Your U.S. Visa, placed in your passport by the U.S. consulate, permits you to enter the
U.S. in a given status. Most students must obtain an F-1 or J-1 entry visa and apply for
entry into the U.S. in F-1 or J-1 status. If you are already in the U.S. and your visa
expires, there is no penalty to you. You may continue to reside legally in the U.S. as long
as you are maintaining your status. However, if you leave the U.S. and wish to re-enter,
you must return to a U.S. embassy or consulate to renew your F-1 or J-1 visa. Only the
U.S. embassy or consulate outside the U.S. is able to issue an F-1 or J-1 non-immigrant
visa to you. If you’ve changed your status while in the U.S., you must apply for the
appropriate visa on your next trip abroad. Always be sure to contact the ISO before
departing on any trips abroad. The advisor will provide you with relevant advice,
information and documents.
Your Form I-94 or “Arrival and Departure Record” is a small white card stapled to one of
the pages of your passport. This important document indicates how long you are
permitted to remain in the U.S. Most F-1 and J-1 students will have the letters “D/S” hand
written by the U.S. Citizenship and Immigration Services inspector on the Form I-94. This
means you may remain in the U.S. for “Duration of Status” or as long as you are abiding
by all the regulations governing your F-1 status. When you enter the U.S. the U.S.

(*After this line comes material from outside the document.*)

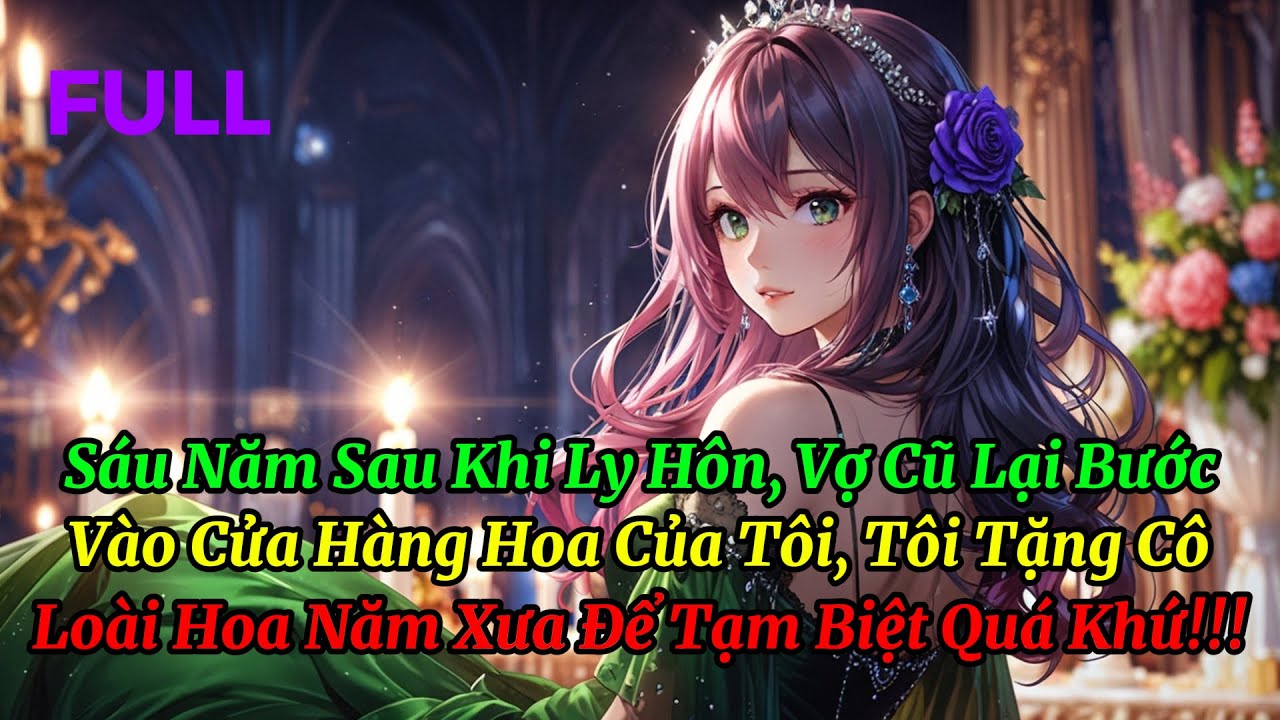 Sau Sáu Năm Ly Hôn, Tôi Gặp Lại Vợ Cũ Ở Cửa Hàng Hoa Của Tôi Và Tặng Cô Bó Hoa Năm Xưa Để Tạm Biệt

Citizenship and Immigration Services immigration inspector will staple the Form I-94 into
your passport. When you leave the U.S., the Form I-94 is removed from your passport. It
is not removed for brief trips to Canada or other contiguous territories to the U.S.
The university admissions office sends the Form I-20, the Certificate of Eligibility, to you to
obtain an F-1 student visa from a U.S. embassy or consulate and to enter the U.S. in F-1
status. Form DS-2019 is used to obtain a J-1 Exchange Visitor Visa for a person coming
to the university to study, teach, conduct research, or receive training. You must always
carry your Form I-20 or Form DS-2019 with you. If you cannot do this because your I-20 is
being processed, you should make a copy and carry this with you.
Know Your Legal Responsibilities
It is the responsibility of the international student to know and abide by the U.S.
immigration regulations guiding non-immigrant students and visitors.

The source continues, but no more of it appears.